Several pups lay claim to The Lansdowne in Primrose Hill – it’s home to Molly and George (who according to the book are big fans of Camden lager) as well as Dobbie, the Lurcher. A stalwart of the London pub scene in Primrose Hill, the Lansdowne has been in operation for 22 years and is the perfect place to settle in for great food and a good drink. The menu rotates, serving both traditional British fare and Mediterranean cuisine.
Red Lion and Sun
Red Lion and Sun – home to Silvester and Indie, who you can see in the book – is a gastropub in Highgate. It’s privately owned, features two beer gardens, a rotating menu, a wood-burning fire, a stellar wine list and serves food daily, from noon to 10 p.m. Fun fact: this location has been a pub since the 16th century.
The Prince Regent in Herne Hill is a friendly, welcoming spot where local mutt, Mud, holds court. Visitors can say “hi” when they stop in to check out the changing menu with daily specials and traditional pub fare. They have a long list of ales, as well as wine and the perfect room for parties.
The Rosemary Branch
The Rosemary Branch in Islington is Alfie’s local haunt. It was once a Victorian music hall – and it is said that Charlie Chaplin once performed in the hall. The theater has won many awards and has top-notch directors who put on a variety of shows. Apart from its theater, its bar is well-liked too. There is a wide selection of ales, Czech lagers, wines and food. Fresh specials are always on the blackboards and the location is well known for its Sunday roast.
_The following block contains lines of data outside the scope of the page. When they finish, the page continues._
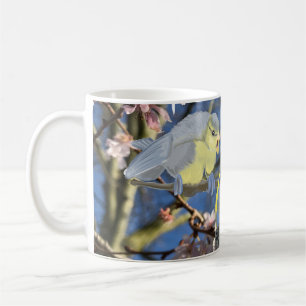 Mug Famille de Bleu Bleu britannique contre Fleur Rose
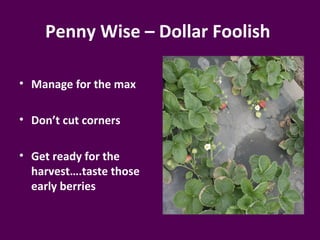 Penny Wise – Dollar Foolish

• Manage for the max

• Don’t cut corners

• Get ready for the
  harvest….taste those
  early berries
 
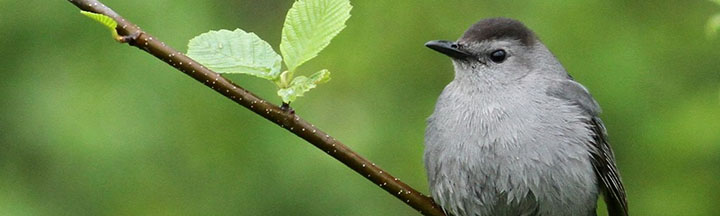 Gray Catbird © Ian Davies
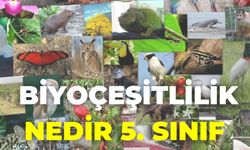 Biyoçeşitlilik Nedir 5. Sınıf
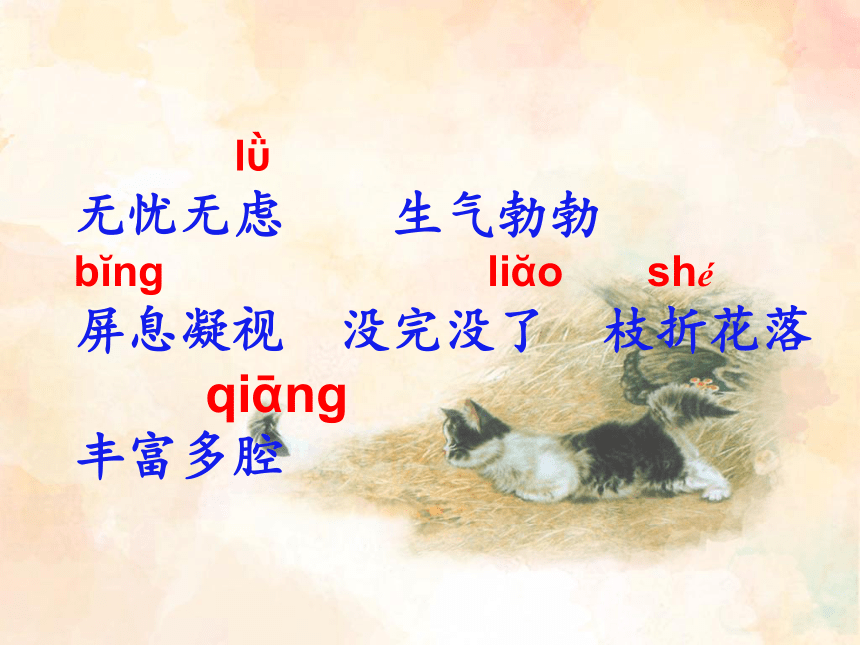 课件预览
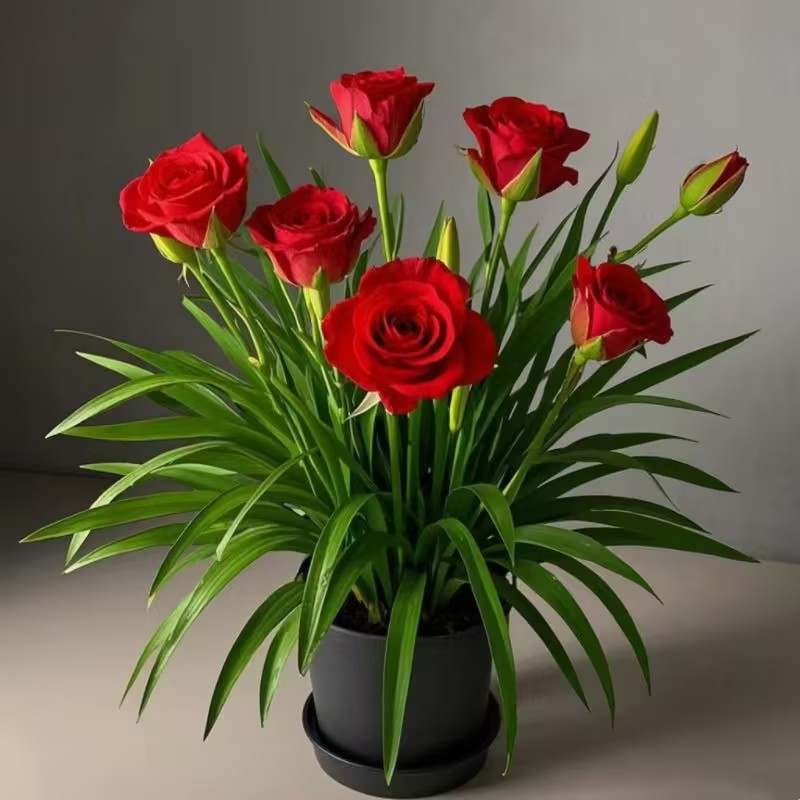 🌹Rose Bulbs for Pots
They are open Tuesday-Sunday, closed on Mondays.
Portobello Gold in Notting Hill is where mixed-breed Miss Jones is known to be a regular – and it’s an establishment that goes by many monikers, be it a “brasserie,” a “wine bar” or just a plain old “pub.” It’s a hotel, bar and restaurant rolled into one. There are 11 guestrooms above the award-winning bar and restaurant. No matter what brings you to the Portobello Gold, visitors will find an eclectic haven for those who want food and drink served with passion and personality. The pub is known for its ability to be a trendsetter, bringing oyster shooters to London and setting up one of the first cyber cafes in the city. It’s also a VIP hot spot and the perfect place for a good party.
This is one of London’s oldest pubs, frequented by some lucky dogs – namely Abi the Staffie. This establishment was immortalized by Charles Dickens in the Pickwick Papers and is possibly where Keats wrote Ode to a Nightingale. Regardless, the inn and its pub undoubtedly have a few tales to tell over a pint or two. From bar snacks to fish and chips, this rotating menu is full of classic pub fare and well known for its outdoor beer garden and al fresco dining.
Looking to continue your quest for man’s best beer buddy? There are also books that follow the pub dogs of Glasgow and Manchester.